Nous déambulons le long de turbines, de trains et d’avions, d’implants mammaires en silicone et de vieux aspirateurs avant d’arriver à l’étage, où s’offre de l’autre côté du parc, une vue splendide de l’ancien palais impérial de Schönbrunn.
Selon une enquête publiée en août par le service enquête du magazine The Economist, Vienne est passée devant la ville australienne de Melbourne au rang de ville la plus agréable à vivre au monde. Que ressentent les réfugiés qui vivent dans une ville si renommée? «Vienne est de fait une ville très propre qui a de nombreux beaux parcs», dit Nabila. «Mais certains de nos membres souffrent aussi d’anxiété…»
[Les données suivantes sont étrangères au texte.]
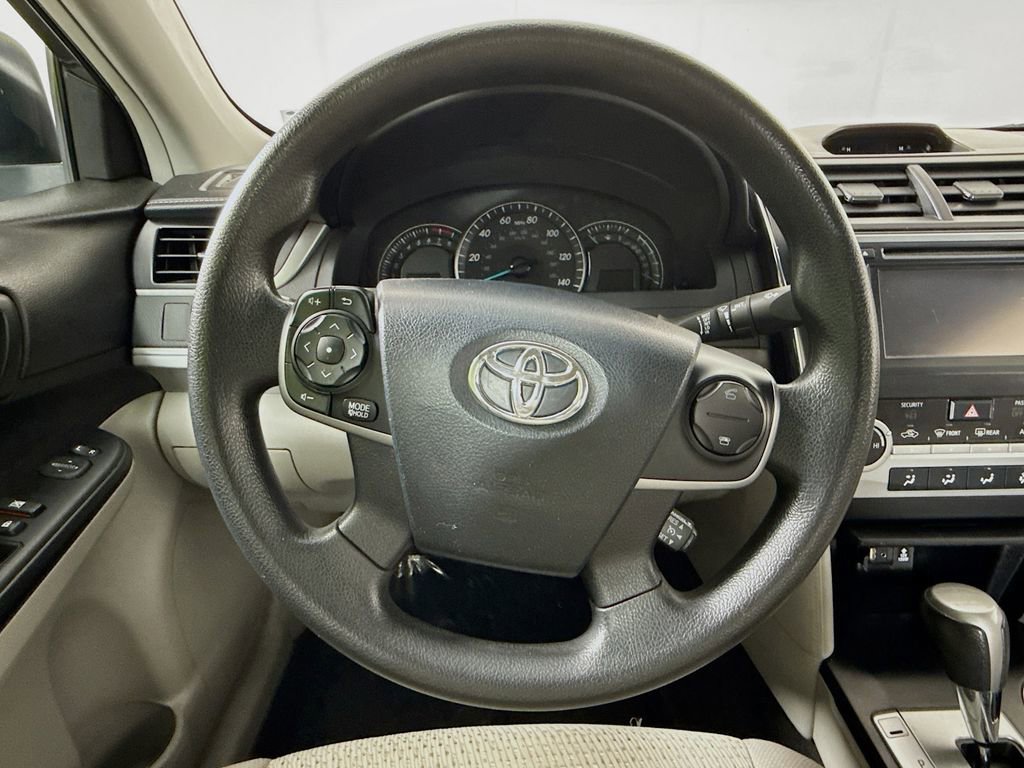 Used 2013 Toyota Camry LE FWD image 12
La demande d’asile de Fahim, le président de l’association, a été acceptée. Avec le statut de réfugié désormais confirmé, il pourra chercher un travail rémunéré et avoir quasiment les mêmes droits que les citoyens autrichiens. Mais d’autres membres du groupe attendent encore.
«L’incertitude est difficile à vivre», explique Nabila. Les demandeurs d’asile arrivent avec des compétences, mais ils peuvent passer des années sans travailler en attendant que l’administration traite leur demande de protection; un gâchis pour les demandeurs d’asile et pour le pays d’accueil.
À la fin de la visite, nous passons devant une vitrine qui présente de l’électroménager utilisé en Europe dans les années 1950, et notamment des fers à repasser. Abdul rayonne en les reconnaissant. «C’est avec un fer comme celui-ci que je repassais des costumes en Afghanistan», se souvient-il, rêvant du jour où il pourra à nouveau exercer ses compétences.
Certains noms de personnes dans cet article ont été modifiés pour préserver l’identité des personnes.